◆ **PROVIDED MATERIAL**:
※ ※ ※
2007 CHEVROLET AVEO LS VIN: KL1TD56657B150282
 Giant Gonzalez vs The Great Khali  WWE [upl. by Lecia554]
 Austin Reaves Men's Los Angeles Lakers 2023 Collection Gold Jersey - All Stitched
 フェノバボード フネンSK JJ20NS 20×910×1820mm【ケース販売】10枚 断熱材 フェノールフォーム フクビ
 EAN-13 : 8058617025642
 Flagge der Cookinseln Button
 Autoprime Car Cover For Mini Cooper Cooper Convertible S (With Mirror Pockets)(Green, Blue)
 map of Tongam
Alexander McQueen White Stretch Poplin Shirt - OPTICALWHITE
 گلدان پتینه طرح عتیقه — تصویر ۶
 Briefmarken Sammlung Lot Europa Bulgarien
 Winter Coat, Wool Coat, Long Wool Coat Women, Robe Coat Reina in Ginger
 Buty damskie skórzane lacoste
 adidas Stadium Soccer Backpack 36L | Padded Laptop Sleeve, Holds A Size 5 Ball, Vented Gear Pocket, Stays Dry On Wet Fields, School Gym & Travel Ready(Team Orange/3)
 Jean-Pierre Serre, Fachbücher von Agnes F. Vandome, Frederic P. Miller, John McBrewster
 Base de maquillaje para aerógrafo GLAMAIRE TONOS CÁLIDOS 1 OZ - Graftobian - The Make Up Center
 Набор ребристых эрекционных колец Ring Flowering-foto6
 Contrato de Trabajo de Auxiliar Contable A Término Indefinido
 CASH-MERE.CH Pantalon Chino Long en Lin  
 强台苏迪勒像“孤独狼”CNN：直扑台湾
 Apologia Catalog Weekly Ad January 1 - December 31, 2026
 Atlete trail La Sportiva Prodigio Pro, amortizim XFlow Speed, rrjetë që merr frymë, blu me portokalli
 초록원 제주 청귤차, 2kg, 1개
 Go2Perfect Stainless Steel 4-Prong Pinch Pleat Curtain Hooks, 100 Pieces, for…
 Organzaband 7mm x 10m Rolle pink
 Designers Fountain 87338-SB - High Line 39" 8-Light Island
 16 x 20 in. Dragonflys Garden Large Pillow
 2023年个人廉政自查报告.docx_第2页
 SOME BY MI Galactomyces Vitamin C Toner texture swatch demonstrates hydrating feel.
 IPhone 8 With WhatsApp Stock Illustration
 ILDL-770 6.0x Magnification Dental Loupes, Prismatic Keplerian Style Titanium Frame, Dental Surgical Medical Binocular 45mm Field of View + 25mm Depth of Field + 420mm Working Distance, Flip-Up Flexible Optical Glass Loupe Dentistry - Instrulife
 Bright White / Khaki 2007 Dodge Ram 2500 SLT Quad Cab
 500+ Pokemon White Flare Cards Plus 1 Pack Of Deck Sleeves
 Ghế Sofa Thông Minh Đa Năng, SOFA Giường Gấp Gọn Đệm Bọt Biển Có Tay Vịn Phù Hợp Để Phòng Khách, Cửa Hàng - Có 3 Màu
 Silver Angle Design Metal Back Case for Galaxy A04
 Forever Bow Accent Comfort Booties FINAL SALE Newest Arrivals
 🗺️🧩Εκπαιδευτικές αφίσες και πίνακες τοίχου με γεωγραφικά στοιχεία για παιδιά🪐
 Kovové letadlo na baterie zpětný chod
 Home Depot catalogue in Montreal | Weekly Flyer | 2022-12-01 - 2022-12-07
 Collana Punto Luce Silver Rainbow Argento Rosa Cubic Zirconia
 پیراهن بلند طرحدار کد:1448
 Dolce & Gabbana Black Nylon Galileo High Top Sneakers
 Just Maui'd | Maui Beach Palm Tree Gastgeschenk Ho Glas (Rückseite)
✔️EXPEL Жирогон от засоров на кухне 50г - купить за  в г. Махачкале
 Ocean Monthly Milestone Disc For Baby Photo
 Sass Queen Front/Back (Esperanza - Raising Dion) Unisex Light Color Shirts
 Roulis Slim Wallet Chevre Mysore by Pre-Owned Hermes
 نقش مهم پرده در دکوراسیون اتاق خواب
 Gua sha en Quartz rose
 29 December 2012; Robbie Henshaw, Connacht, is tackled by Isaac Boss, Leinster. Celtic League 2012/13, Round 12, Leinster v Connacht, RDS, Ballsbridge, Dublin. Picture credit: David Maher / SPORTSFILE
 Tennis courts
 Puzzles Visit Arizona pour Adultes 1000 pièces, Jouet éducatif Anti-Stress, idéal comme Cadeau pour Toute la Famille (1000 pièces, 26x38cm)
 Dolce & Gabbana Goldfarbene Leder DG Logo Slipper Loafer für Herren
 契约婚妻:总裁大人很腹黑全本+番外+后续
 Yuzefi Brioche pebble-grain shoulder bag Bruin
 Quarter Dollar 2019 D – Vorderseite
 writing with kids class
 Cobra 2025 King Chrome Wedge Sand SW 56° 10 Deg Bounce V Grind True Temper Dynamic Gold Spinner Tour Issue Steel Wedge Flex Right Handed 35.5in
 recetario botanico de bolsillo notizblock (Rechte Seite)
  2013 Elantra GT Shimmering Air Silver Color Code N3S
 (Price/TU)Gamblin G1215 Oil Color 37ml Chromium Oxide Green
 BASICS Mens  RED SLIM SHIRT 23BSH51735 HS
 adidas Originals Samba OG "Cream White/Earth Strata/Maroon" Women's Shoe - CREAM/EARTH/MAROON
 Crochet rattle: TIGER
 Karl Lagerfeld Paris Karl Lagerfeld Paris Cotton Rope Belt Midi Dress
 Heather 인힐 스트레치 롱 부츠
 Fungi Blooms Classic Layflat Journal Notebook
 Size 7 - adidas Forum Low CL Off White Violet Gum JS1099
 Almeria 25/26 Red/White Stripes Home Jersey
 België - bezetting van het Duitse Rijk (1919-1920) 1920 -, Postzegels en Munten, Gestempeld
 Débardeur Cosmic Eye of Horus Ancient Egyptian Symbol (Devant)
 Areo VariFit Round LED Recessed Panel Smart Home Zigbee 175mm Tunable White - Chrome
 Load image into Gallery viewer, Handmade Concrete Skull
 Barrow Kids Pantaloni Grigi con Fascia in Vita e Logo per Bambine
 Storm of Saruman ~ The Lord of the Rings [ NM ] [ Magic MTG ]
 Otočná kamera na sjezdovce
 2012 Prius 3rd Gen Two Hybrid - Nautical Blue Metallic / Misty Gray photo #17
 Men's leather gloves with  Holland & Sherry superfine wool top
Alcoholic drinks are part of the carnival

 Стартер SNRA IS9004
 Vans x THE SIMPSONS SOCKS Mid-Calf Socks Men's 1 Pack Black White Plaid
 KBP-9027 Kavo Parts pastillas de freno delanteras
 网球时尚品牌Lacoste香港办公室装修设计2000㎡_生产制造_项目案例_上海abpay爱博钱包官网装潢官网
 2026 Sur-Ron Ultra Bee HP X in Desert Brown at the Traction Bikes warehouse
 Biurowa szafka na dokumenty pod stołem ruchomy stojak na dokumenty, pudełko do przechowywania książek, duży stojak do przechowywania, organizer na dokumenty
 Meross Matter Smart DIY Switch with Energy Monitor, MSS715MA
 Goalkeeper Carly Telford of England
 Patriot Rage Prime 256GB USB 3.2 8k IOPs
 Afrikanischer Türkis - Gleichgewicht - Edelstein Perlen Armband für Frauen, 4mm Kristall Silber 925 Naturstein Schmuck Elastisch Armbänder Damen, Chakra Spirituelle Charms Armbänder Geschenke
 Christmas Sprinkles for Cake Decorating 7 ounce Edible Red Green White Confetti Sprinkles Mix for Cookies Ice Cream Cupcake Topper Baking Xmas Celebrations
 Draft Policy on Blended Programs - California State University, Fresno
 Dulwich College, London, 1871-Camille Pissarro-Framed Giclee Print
※ ※ ※
◆ **WHAT YOU ARE ASKED TO DO**: Count, in the records above, the lines that contain "Smart", and write only the resulting number.

◆ **EXPECTED OUTPUT**: 2